Ya en el siglo XIX, con el auge del comercio marítimo en las islas Canarias se popularizan palabras como cambuyonero (come buy on) o guanijei (del Whiskey John Heigg). Lo moderno es bien antiguo.

Volviendo al tema del acoso, que me pierdo por los cerros, tampoco es nada nuevo. La maldad, la vergüenza, el poder del grupo contra el individuo son más antiguos que la religión, que el estado, la moral y los dinosaurios. “El infierno son los otros” (Sartre).

Cómo combatir el bullying cuando el mundo está gobernado por abusones, matones, irrespetuosos y maleducados. Personas privilegiadas y mediáticas que abusan de su poder haciendo la vida imposible a sus inferiores: mujeres, inmigrantes, obreros, subalternos, homosexuales, pobres, etc.

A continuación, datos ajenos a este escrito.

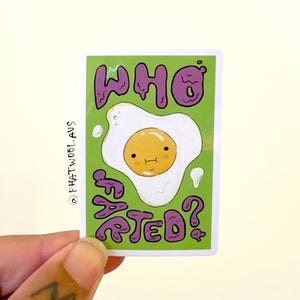 May include: A green sticker with a purple cartoon egg with a face and the text "Who's Fretted?" in purple.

Marginados del mundo, uníos.

Un fantasma recorre Europa, el fantasma del fascismo de los abusones.

De pequeña mi madre nos confeccionaba vestidos llenos de floripondios y colorinchis, nos ponía lacitos en el pelo, trenzas, coletas, zapatitos de charol. Hasta que llegué a la edad del pavo suplicando por ropa más moderna, más como las demás, como “Al salir de clase”. No más vestiditos, no más ir igual que mi hermana, no más ser una panoli.

A los doce años empezó esa absurda e inevitable obsesión por la aceptación social, por la afirmación de mi identidad a través de la ropa, de la exterioridad.